Our law affords constitutional protection to personal decisions relating to marriage, procreation, contraception, family relationships, child rearing, and education. Carey v. Population Services International, 431 U.S., at 685 . Our cases recognize the right of the individual, married or single, to be free from unwarranted governmental intrusion into matters so fundamentally affecting a person as the decision whether to bear or beget a child. Eisenstadt v. Baird, supra, 405 U.S., at 453 (emphasis in original). Our precedents "have respected the private realm of family life which the state cannot enter." Prince v. Massachusetts, 321 U.S. 158, 166 (1944). These matters, involving the most intimate and personal choices a person may make in a lifetime, choices central to personal dignity and autonomy, are central to the liberty protected by the Fourteenth Amendment. At the heart of liberty is the right to define one's own concept of existence, of meaning, of the universe, and of the mystery of human life. Beliefs about these matters could not define the attributes of personhood were they formed under compulsion of the State.
. . . Though abortion is conduct, it does not follow that the State is entitled to proscribe it in all instances. That is because the liberty of the woman is at stake in a sense unique to the human condition, and so, unique to the law. The mother who carries a child to full term is subject to anxieties, to physical constraints, to pain that only she must bear. That these sacrifices have from the beginning of the human race been endured by woman with a pride that ennobles her in the eyes of others and gives to the infant a bond of love cannot alone be grounds for the State to insist she make the sacrifice. Her suffering is too intimate and personal for the State to insist, without more, upon its own vision of the woman's role, however dominant that vision has been in the course of our history and our culture. The destiny of the woman must be shaped to a large extent on her own conception of her spiritual imperatives and her place in society.
That was the question decided in Roe and in Casey. As to the question of whether the State could meet its burden to overcome the fundamental privacy right, the Casey Court said:
We have seen how time has overtaken some of Roe's factual assumptions: advances in maternal health care allow for abortions safe to the mother later in pregnancy than was true in 1973 and advances in neonatal care have advanced viability to a point somewhat earlier. [cites omitted] But these facts go only to the scheme of time limits on the realization of competing interests, and the divergences from the factual premises of 1973 have no bearing on the validity of Roe's central holding, that viability marks the earliest point at which the State's interest in fetal life is constitutionally adequate to justify a legislative ban on nontherapeutic abortions. The soundness or unsoundness of that constitutional judgment in no sense turns on whether viability occurs at approximately 28 weeks, as was usual at the time of Roe, at 23 to 24 weeks, as it sometimes does today, or at some moment even slightly earlier in pregnancy, as it may if fetal respiratory capacity can somehow be enhanced in the future. Whenever it may occur, the attainment of viability may continue to serve as the critical fact, just as it has done since Roe was decided; which is to say that no change in Roe's factual underpinning has left its central holding obsolete, and none supports an argument for overruling it.
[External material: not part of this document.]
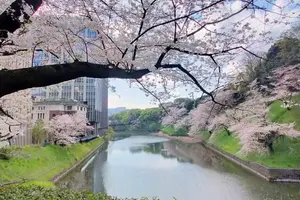 千鳥ケ淵お花見とローストビーフランチ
And that is the legal question that is central to the legal issue - when does the State's interest overcome the fundamental right to privacy.
Only extremists can argue that the fundamental right to privacy does not extend to a woman's right to choose. It is simply illogical to think otherwise. This is why Griswold is central to the Roe and Casey holdings. There is no intellectually honest method to distinguish the right to contraception with the right to choose.
The difference in the cases is in the potential existence of a compelling interest carried by the State to overcome the fundamental right to privacy.
To discuss the issue in other terms is to adopt the extremists' legal view, on either side of the debate. So, while Ed's discussion is of interest, it is not to the point, in my view, of understanding Miers' view of the right to privacy and the right to choose.